As reported in the last PRT, Bracker said, “I don’t understand why they [AMI] went to all this trouble. Nothing can affect their road. They believe they are getting something. It doesn’t make any sense to me. But if that means we aren’t going to get any more development on that property, I’ll take the land.” When asked why he thought that this land with an industrial road bisecting it had any value as a park, he answered, “We don’t even know what kind of park this is going to be.” 

How about this kind of park? “BRACKER ROADKILL CORRIDOR” 

Murphy Musick


Living With Fires

I have been a Resident of Arizona for 46 years. This past December, we relocated to Sonoita from “Out Wickenburg Way.”

In the week of 5/3 to 5/10, life here in Sonoita was nothing short of stimulating for all of us. On 5/3 we had a small series of fires start just north of Sonoita on SR83 which were extinguished quickly by our spectacular local Sonoita-Elgin Fire Department. On 5/7 we had a fire start south of Sonoita near Lochiel (San Rafael Fire). On 5/10 we had yet another fire start just west of Sonoita in the Santa Rita Mountains (Josephine Fire) which was extinguished that same day.
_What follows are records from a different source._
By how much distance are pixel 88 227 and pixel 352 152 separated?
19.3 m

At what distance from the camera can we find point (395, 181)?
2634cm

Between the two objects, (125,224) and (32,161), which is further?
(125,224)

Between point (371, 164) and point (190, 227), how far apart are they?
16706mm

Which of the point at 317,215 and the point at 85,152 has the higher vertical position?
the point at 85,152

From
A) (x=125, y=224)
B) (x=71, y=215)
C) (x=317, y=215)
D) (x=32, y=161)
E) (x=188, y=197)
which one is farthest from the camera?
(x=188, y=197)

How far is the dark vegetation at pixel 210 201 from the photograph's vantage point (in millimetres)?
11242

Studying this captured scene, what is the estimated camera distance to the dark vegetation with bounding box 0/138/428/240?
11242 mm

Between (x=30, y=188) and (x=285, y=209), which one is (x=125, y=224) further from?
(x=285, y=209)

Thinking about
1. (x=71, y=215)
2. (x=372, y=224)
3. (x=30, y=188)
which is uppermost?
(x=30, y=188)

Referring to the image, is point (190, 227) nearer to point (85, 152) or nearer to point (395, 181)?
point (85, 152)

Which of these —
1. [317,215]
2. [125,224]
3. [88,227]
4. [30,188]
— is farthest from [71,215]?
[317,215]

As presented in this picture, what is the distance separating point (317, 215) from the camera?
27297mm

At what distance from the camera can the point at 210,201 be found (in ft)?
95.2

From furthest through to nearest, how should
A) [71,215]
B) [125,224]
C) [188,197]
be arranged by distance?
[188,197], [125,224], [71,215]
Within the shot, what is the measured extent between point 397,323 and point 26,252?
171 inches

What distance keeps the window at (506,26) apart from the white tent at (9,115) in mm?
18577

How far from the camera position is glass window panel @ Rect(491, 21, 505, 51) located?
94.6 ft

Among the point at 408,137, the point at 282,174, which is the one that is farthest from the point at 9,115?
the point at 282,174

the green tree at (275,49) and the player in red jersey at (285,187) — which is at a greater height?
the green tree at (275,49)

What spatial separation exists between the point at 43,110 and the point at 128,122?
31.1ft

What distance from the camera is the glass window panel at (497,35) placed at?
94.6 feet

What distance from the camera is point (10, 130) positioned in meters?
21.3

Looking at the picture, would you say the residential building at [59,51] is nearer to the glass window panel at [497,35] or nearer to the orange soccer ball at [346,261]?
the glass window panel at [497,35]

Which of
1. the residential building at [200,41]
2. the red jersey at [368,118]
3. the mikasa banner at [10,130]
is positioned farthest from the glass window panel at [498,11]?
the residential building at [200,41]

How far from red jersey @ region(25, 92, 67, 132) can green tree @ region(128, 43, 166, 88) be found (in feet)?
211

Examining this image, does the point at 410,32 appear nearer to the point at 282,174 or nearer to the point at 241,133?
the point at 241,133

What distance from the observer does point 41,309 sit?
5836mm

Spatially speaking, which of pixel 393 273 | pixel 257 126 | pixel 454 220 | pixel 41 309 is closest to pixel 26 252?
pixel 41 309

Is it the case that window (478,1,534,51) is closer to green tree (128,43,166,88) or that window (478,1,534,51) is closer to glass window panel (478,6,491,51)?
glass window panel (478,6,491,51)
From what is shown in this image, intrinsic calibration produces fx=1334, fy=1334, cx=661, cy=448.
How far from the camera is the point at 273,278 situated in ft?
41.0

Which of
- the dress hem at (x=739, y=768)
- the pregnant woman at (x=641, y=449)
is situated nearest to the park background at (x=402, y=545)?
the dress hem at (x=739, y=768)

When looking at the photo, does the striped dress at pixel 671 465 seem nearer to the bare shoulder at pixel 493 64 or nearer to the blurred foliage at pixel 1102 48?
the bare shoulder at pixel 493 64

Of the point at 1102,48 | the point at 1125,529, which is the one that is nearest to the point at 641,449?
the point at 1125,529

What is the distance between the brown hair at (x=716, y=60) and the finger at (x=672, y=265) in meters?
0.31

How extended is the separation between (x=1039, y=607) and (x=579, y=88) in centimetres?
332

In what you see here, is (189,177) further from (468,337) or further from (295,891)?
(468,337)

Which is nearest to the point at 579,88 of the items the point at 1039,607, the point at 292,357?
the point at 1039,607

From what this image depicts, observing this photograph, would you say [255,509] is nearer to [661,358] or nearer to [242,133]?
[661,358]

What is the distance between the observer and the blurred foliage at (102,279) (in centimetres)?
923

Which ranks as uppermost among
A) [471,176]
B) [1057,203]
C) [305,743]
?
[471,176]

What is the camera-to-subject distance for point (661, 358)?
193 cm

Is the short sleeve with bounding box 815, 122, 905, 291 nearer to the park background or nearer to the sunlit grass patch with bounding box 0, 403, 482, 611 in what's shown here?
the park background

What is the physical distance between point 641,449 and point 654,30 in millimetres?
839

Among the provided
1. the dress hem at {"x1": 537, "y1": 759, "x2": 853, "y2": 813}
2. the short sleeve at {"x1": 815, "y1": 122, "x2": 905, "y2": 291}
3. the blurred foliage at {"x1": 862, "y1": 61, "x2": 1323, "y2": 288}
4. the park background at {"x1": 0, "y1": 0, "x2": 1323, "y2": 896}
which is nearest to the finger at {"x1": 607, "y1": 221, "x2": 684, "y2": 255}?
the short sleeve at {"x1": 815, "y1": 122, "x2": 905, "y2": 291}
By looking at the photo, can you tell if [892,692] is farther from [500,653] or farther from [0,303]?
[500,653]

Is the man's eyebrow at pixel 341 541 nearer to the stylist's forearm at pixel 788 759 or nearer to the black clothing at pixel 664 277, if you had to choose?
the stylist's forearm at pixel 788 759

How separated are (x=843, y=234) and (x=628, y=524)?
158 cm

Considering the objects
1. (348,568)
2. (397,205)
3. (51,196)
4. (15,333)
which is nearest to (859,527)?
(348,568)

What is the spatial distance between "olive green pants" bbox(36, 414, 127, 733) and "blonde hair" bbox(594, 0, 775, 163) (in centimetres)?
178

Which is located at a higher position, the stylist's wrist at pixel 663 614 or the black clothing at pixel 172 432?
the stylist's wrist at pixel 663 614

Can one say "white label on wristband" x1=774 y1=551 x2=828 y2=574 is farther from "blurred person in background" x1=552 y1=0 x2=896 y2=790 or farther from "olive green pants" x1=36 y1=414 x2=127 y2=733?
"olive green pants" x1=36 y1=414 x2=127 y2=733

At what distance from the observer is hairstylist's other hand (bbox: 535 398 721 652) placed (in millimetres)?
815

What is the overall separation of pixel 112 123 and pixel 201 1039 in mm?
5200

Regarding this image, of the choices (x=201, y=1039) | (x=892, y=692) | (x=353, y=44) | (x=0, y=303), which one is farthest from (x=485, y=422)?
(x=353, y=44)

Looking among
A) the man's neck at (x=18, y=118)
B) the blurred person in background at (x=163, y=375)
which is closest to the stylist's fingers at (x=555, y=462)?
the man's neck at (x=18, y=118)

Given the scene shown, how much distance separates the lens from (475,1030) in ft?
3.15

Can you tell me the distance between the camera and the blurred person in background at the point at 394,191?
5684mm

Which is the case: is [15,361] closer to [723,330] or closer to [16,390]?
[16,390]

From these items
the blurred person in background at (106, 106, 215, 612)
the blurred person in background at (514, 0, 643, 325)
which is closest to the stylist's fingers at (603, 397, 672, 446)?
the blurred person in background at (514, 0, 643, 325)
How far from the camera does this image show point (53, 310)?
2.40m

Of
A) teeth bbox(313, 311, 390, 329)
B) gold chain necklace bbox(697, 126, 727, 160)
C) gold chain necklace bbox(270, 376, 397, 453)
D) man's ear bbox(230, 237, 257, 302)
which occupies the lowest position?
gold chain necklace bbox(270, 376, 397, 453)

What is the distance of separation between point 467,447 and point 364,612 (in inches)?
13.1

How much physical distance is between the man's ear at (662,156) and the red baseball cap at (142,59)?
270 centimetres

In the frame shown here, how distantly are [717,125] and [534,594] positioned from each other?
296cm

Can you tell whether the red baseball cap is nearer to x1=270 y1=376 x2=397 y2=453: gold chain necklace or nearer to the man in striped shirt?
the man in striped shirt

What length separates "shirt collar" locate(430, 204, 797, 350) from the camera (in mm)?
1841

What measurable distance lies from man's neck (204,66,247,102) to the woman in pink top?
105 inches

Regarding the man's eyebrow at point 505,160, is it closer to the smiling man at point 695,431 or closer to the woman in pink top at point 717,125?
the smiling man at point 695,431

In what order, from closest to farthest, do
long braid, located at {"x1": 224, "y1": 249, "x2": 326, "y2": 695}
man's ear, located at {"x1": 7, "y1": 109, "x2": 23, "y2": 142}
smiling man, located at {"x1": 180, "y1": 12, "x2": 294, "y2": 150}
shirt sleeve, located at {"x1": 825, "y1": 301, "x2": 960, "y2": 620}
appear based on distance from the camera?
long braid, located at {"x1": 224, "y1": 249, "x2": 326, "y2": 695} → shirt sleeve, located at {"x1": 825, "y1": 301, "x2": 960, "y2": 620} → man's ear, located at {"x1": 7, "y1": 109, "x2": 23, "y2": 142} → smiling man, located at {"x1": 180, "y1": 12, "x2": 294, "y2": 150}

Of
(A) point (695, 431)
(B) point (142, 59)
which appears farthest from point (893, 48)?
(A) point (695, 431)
I have to extend my gratitude, thanks and commendations for such quick response times to all of the many brave and valiant first responders, volunteer fire departments, the heroic firefighting ground crews, the spectacular aerial spotter, tanker and helicopter crews and the magnificent coordinating management crews involved. 

We have sadly been witness to countless numbers of wildfires, some small, and some extremely large, consuming millions of acres of our beautiful desert and mountain landscapes.

An accounting of only the MAJOR devastating wildfires in Arizona, and the causes, since my relocating to Arizona in 1976 thru 2021: Total fires: 34; Causes: four unknown; 12 by lightning strikes; 18 by Humans. Unfortunately, this is a way of life here and it will continue. The upside though is that to flourish, the land must be replenished from time to time of which FIRE is a means to accomplish this. “Mother Nature” does a great job of this. What ‘She’ doesn’t need is any help from Irresponsible Humans…and we all know that there are no shortages of these!

Be extremely ‘fire wise and think twice’ before doing anything that can cause a fire! It only takes one spark. The consequences can be devastating for everyone.

Todd Barrick

Sonoita, AZ

Judy’s roses are blooming — a tribute

When Judy Starbuck departed this world, she gifted the next tenant in her Patagonia mobile home of 35 years with a cluster of rose bushes and an amaryllis, symbol of determination, beauty and love, all that embodied Judy’s life. So I was overjoyed watching her flowers bloom in what is now my little corner of paradise to tend and enjoy. Thank you, Judy. I will do my best to keep the garden growing.